▶ What you are asked to do: Output only the lines below from the one holding "Jockey Kids Navy Capri Leggings" down to the one holding "Sweter damski KAFFE Lizza Argyle image-3", both end lines included and every picture dropped.
Top of Data section
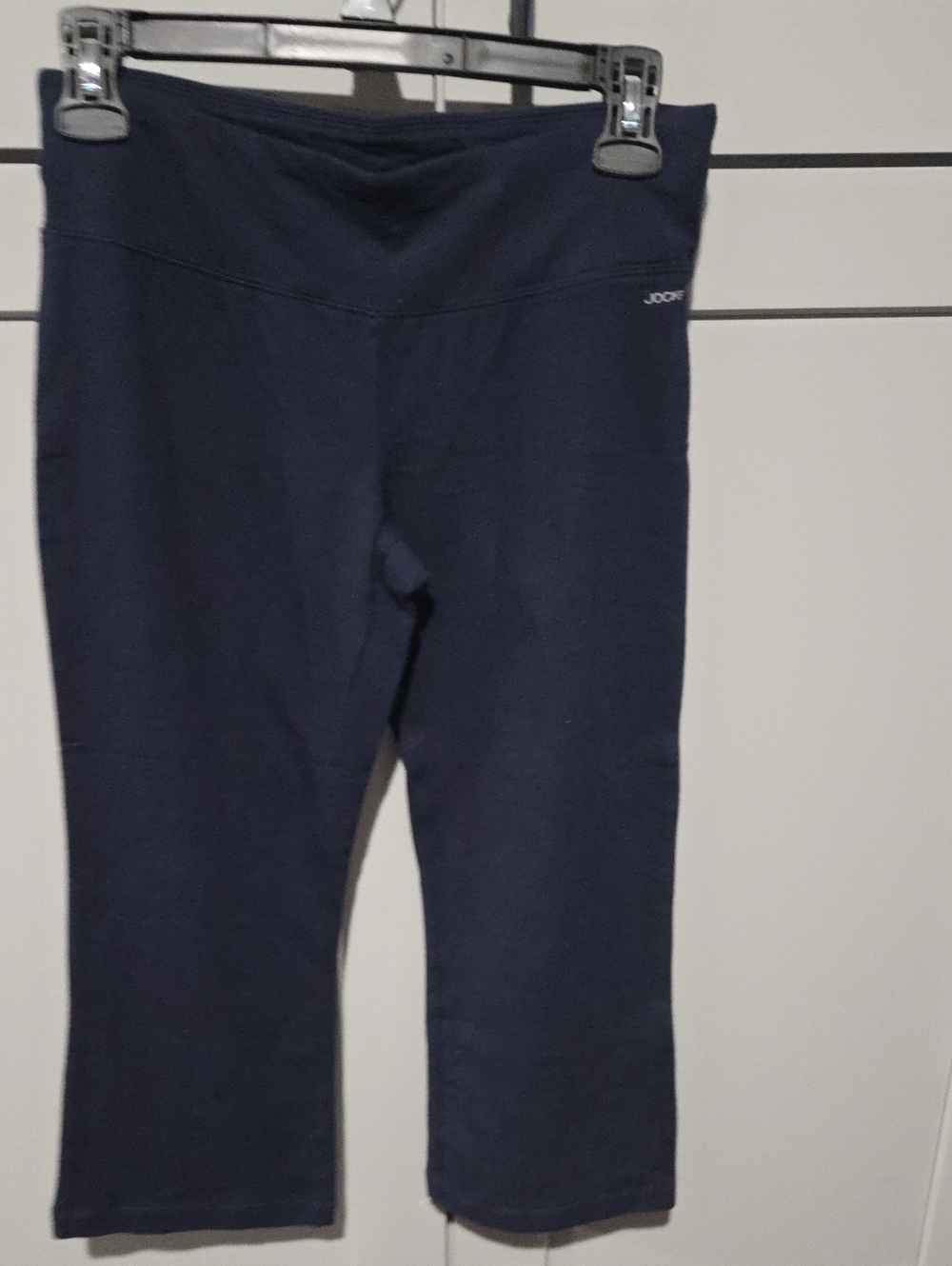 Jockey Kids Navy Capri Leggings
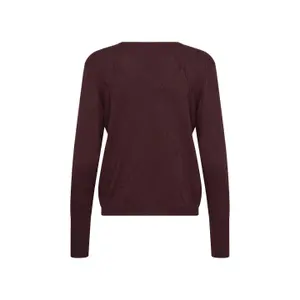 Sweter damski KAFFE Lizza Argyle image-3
Bottom of Data section
Top of Data section
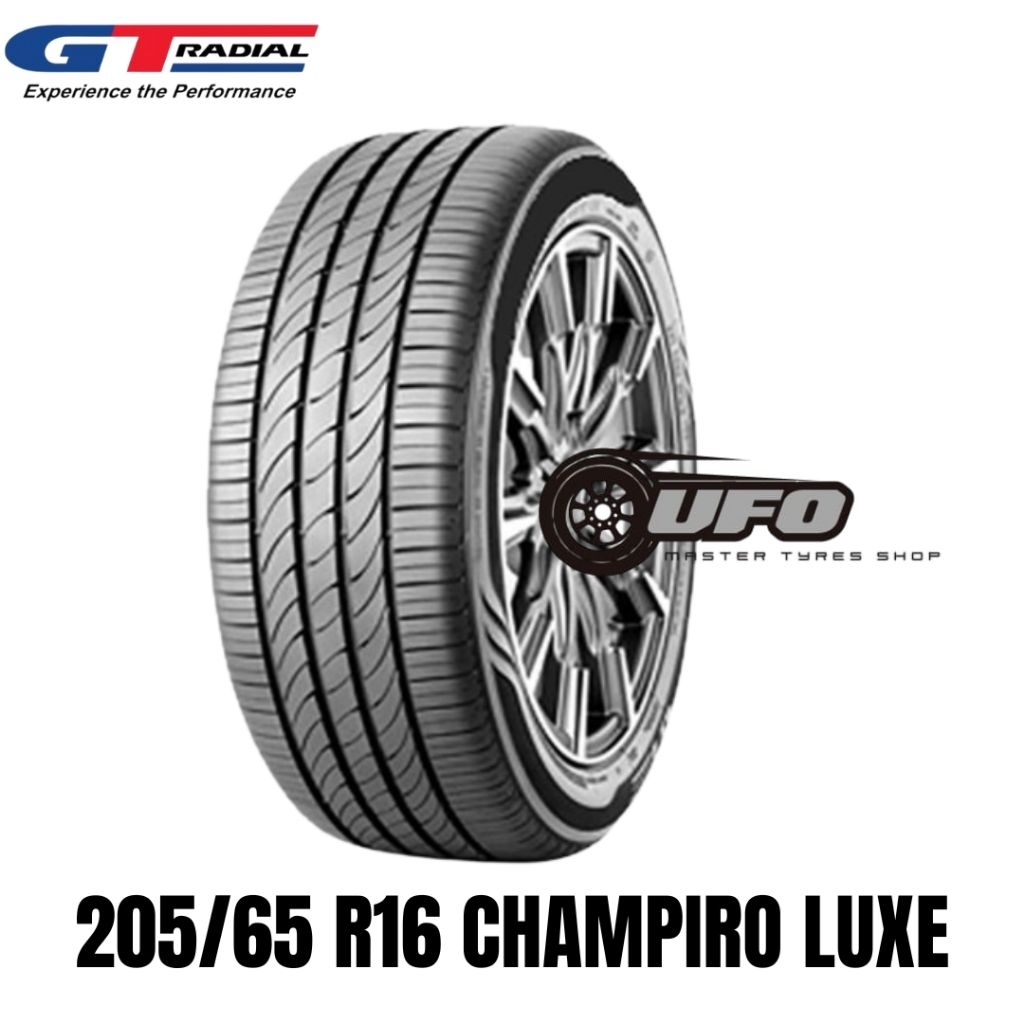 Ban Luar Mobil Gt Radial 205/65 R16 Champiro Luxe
Bottom of Data section
▶ Reply to the task:
 Jockey Kids Navy Capri Leggings
 Sweter damski KAFFE Lizza Argyle image-3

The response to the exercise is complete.